Tax regulations restrict you from opening or making contributions to a traditional IRA once you reach age 70 1/2 years. This age restriction does not apply to Roth IRAs. Anyone, of any age, can open and make contributions to a Roth IRA, and there is no requirement for mandatory withdrawals from a Roth IRA. In fact, there is no requirement to ever take a withdrawal from a Roth IRA. You can leave your money in your Roth IRA for as long as you live.
You can open and make contributions to a Roth IRA in any year that you have earned income, and you can contribute 100 percent of your earned income, up to the maximum allowed by law, each year. For the 2012 tax year the maximum allowable contribution was $5,000 if you are younger than 50 years, and $6,000 if you are are 50 years or older.

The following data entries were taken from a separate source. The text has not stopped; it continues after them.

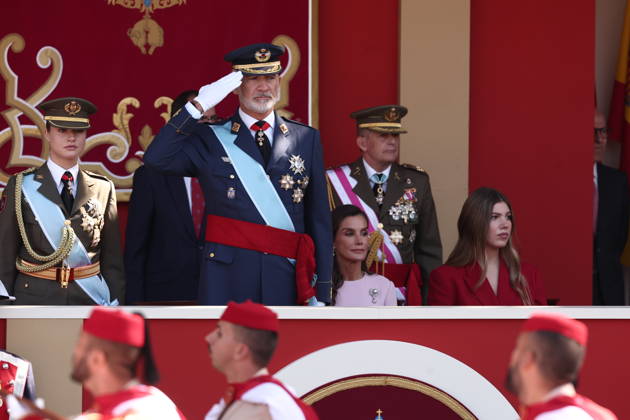 October 12 Parade for Hispanic Heritage Day King Felipe VI during the solemn ceremony honoring the national flag and the military parade for October 12, Hispanic Heritage Day, in the Plaza de Cánovas del Castillo, on October 12, 2026, in Madrid, Spain. The events begin with the raising of the flag and are followed by a tribute to those who gave their lives for the country. Subsequently, the military air and ground parades begin. Approximately 4,400 members of the Armed Forces, the security forces, and various civilian public institutions are participating this year in the parade presided over by the King and Queen. The aerial parade featured 50 fighter, training, and transport aircraft, as well as around 30 helicopters. On the ground, some  Copyright: xEduardoxParrax 7840753
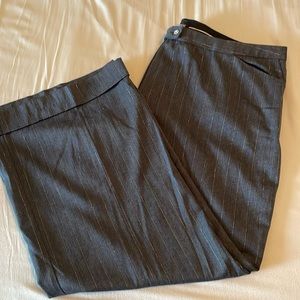Slate gray wide leg herringbone pants w/ shiny sliver thin pinstripes size 22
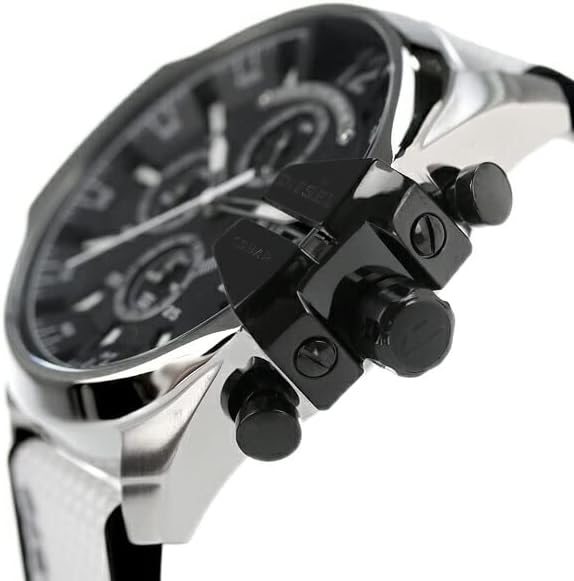 Close-up side view of the watch crown and pushers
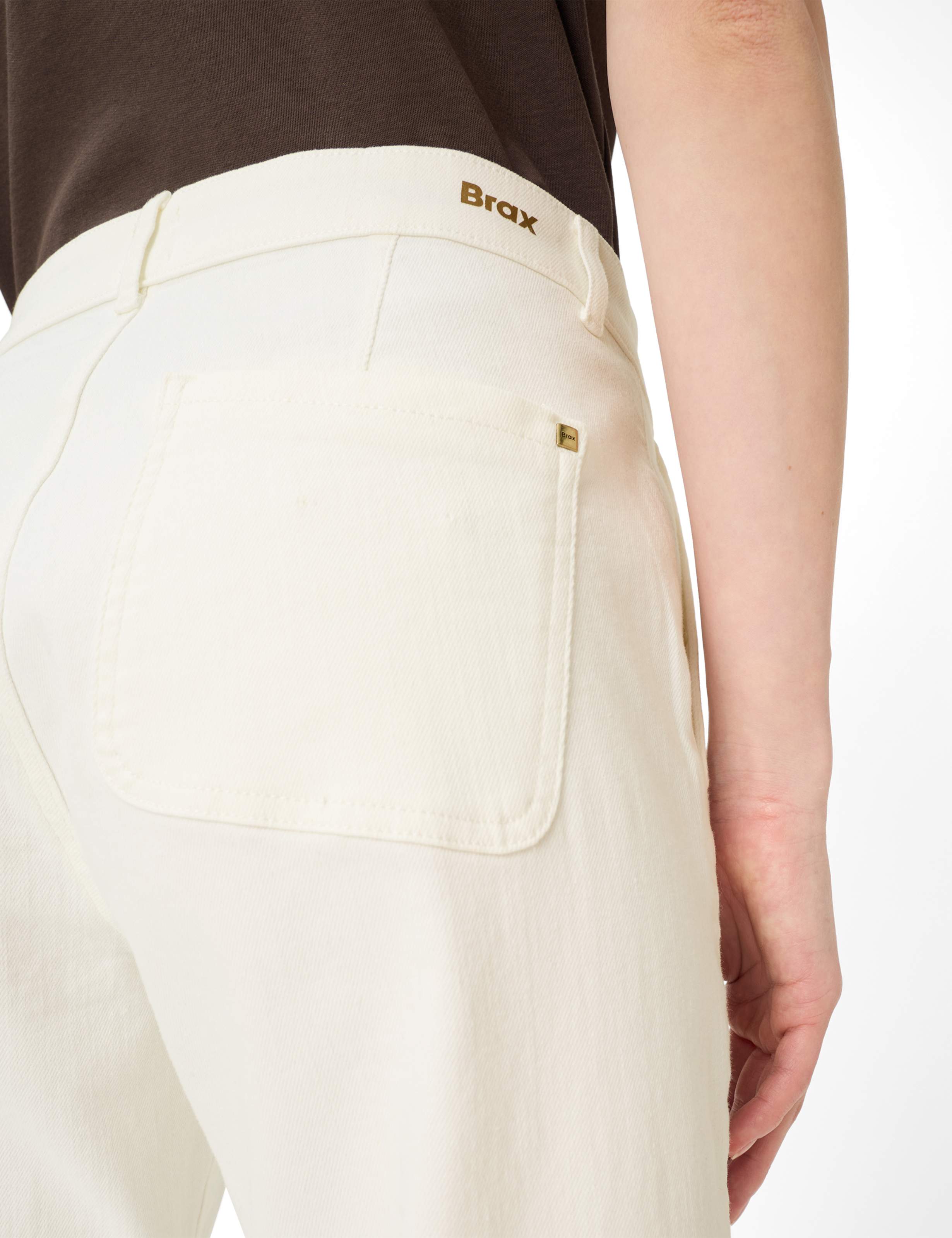 Dames Style MAINE Denim Crème Wit Wide Leg Detail 2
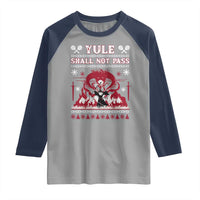 Christmas Yule Shall Not Pass Raglan Shirt Fantasy Movie Ugly Xmas - Wonder Print Shop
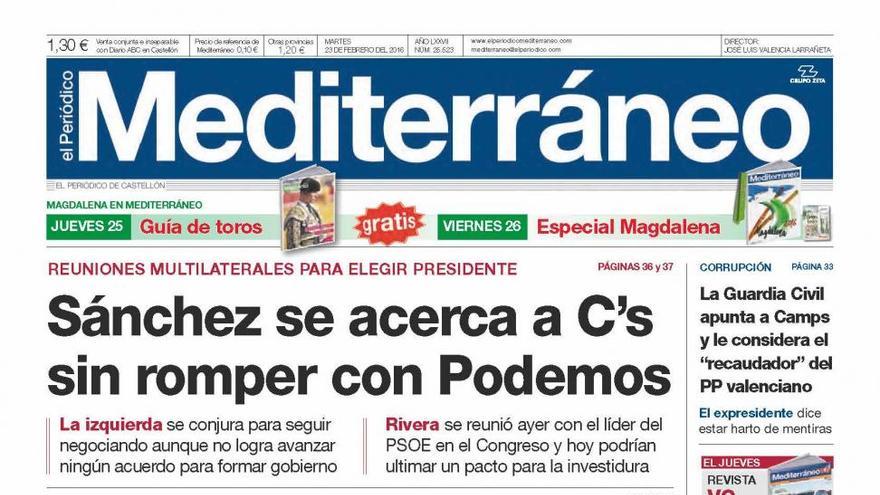 Sánchez se acerca a Ciudadanos sin romper con Podemos, en la portada de Mediterráneo
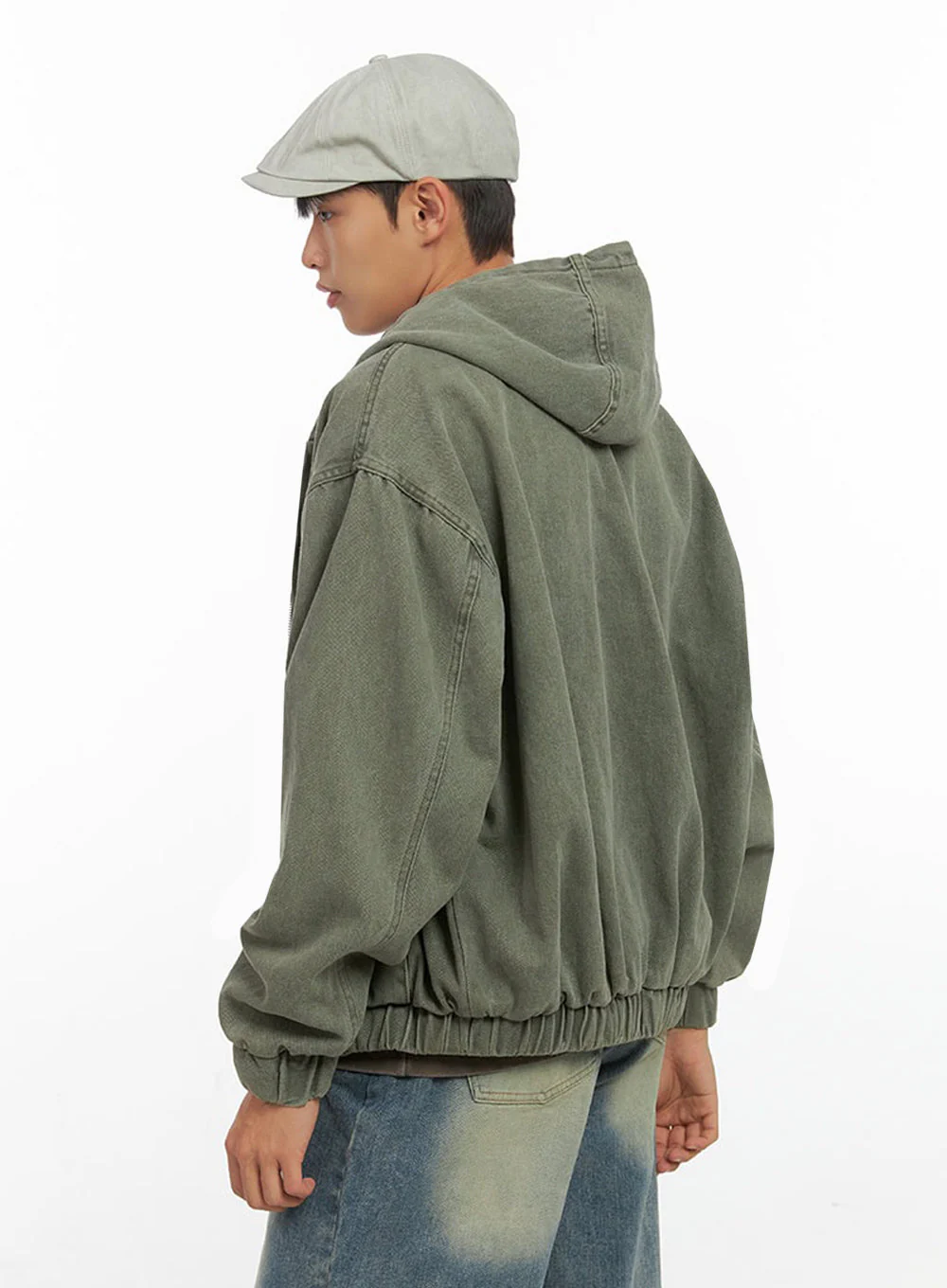 Men's Washed Zip Up Hooded Jacket IO420 - Image 7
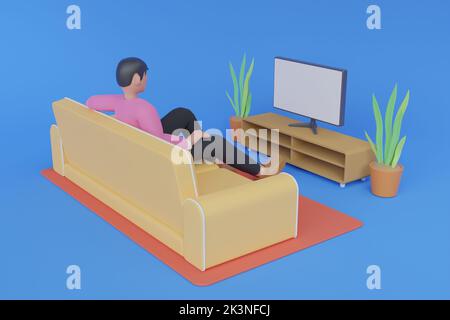 3D Zeichentrickfigur Ein junger Mann, der einen Film ansieht, will zu Hause Spaß haben. Auf einem Sofa in einem Wohnzimmer vor dem Fernsehbildschirm sitzend und w Stockfoto
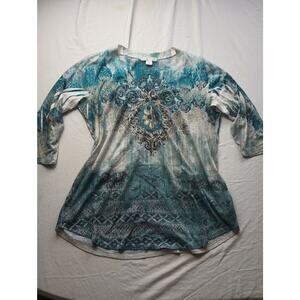 Fairy Core 3/4 Sleeve Top Women Size Large Christopher & Banks Blue Black beaded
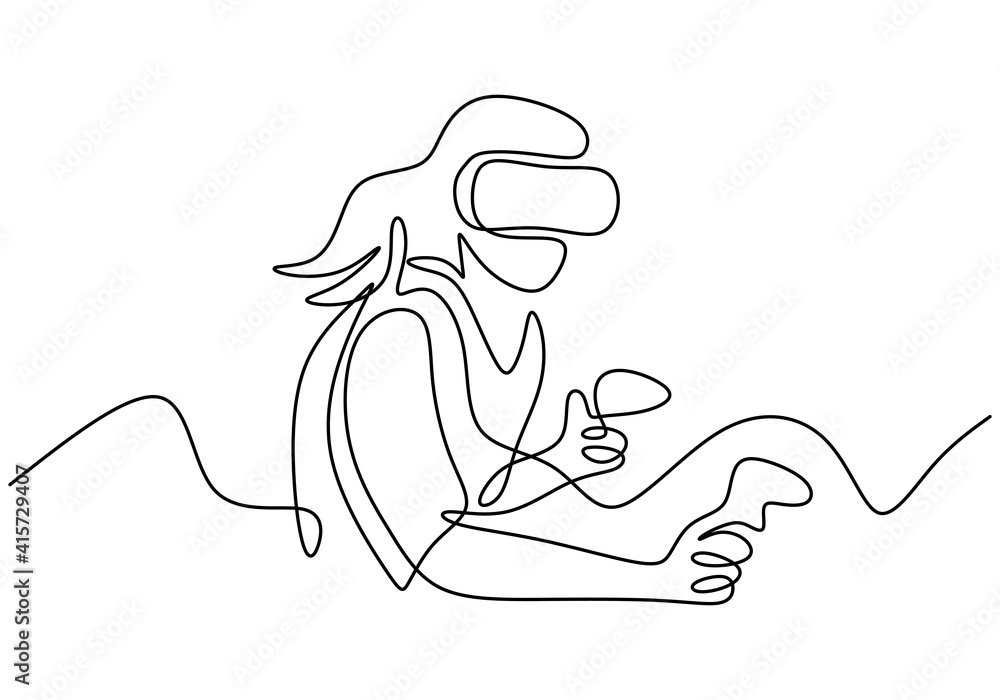 Poster girl using vr with single continuous one line art drawing. smart technology futuristic game player c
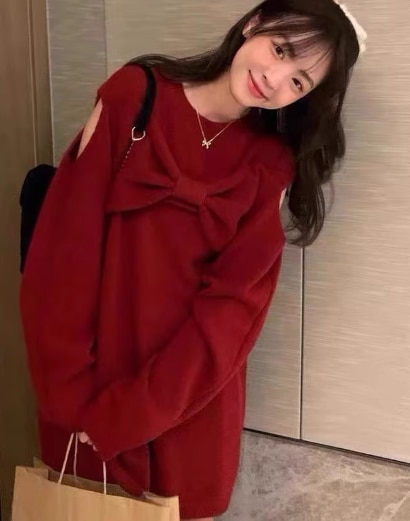 レディース ワンピース ニット プルオーバー ニットワンピ ミニ ショート 長袖 ラウンドネック オフショルダー 肌見せ 肩出し リボン ウール かわいい カジュアル おしゃれ こなれ感 ガーリー レディース ワンピース ニット プルオーバー ニットワンピ ミニ ショート 長袖 ラウンドネック オフショルダー 肌見せ 肩出し リボン ウール かわいい カジュアル おしゃれ こなれ感 ガーリー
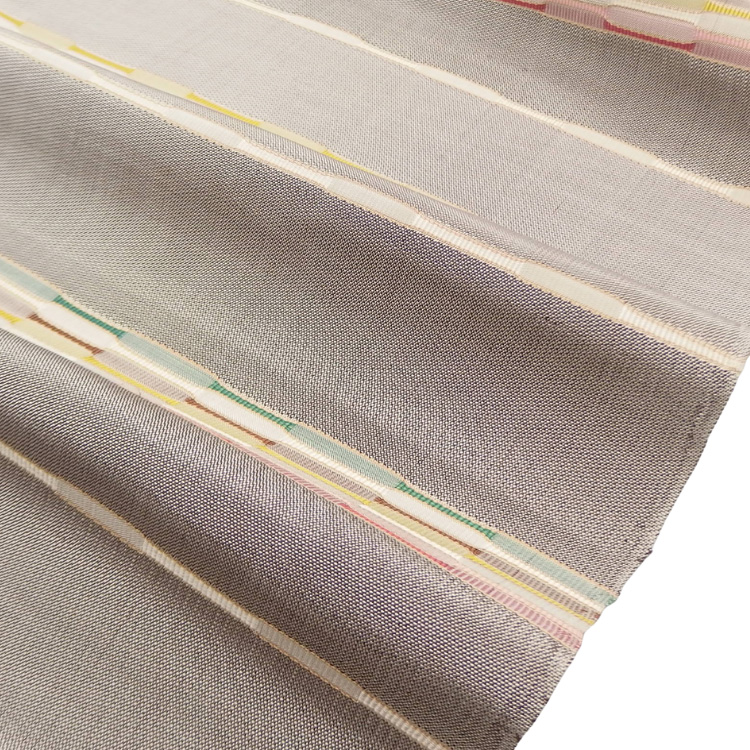 藤山千春 「草木染手織物 吉野間道」 九寸名古屋帯 灰茶系＜お仕立て代込＞の画像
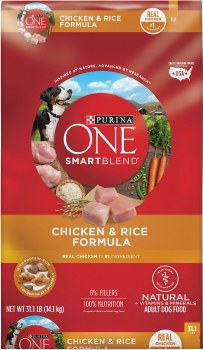 Purina ONE SmartBlend Chicken and Rice Formula Adult Dry Dog Food 31.1lb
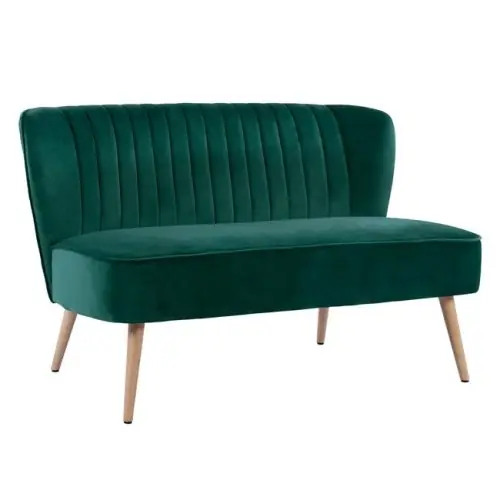 Abverkauf Zweisitzer ANDY Sofa mit Samtstoff in Farbe Grün und Holzbeinen in Naturton.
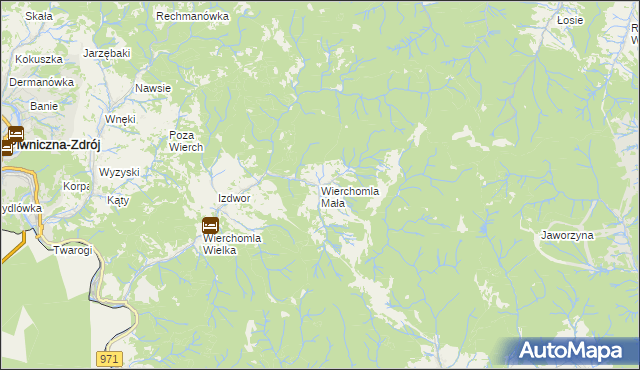 mapa Wierchomla Mała, Wierchomla Mała na mapie Targeo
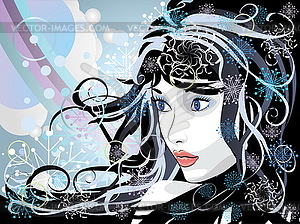 Abstract winter girl - vector image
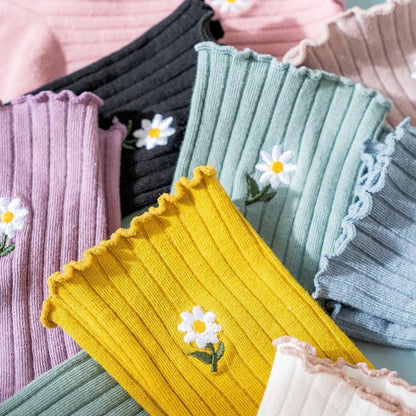 Little Flower Socks Girl's Socks Simple Solid Color Socks Women's Long Socks Kawaii Happy And Funny Breathable Socks For Women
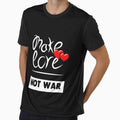 Make love, not war. Two red hearts. T-shirts with short sleeves. Casual black T-shirt. by Galina Kostyaeva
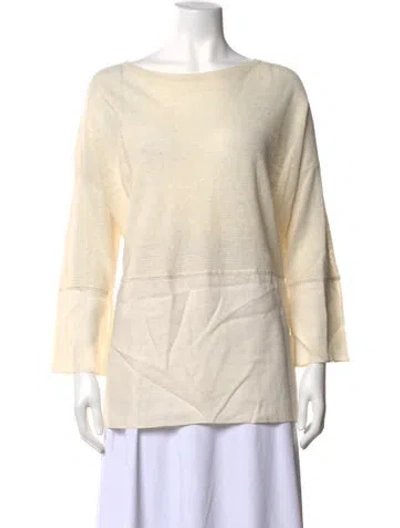 Pre-owned Lafayette 148 Linen Bateau Neckline Sweater In Neutrals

You can make contributions even if you are on Social Security, but you can't contribute more than your earned income.
Having unearned income, such as Social Security income, does not disqualify you from contributing to a Roth IRA, as long as you also have additional earned income. For example, if you are 69 years old and draw Social Security, but have a part-time job that pays you $4,500 per year, you can contribute the entire $4,500 to your Roth IRA. If you are married and file a joint tax return, and either you or your spouse has earned income for the year, you can both contribute to your individual Roth IRAs.
All contributions to a Roth IRA must be made with after-tax dollars. You won't get to take a tax deduction for making a contribution to your Roth IRA, as you would with a traditional IRA, but all of the money you contribute grows on a tax-deferred basis as long as it remains in the account. Since you've already paid taxes on your contributions, you withdraw them at any time, for any reason, without creating a taxable event. Once you've had your Roth IRA for five years and you are at least 59 1/2 years old, you can take qualified distributions from the earnings portion of your Roth IRA without any federal income tax liability at all.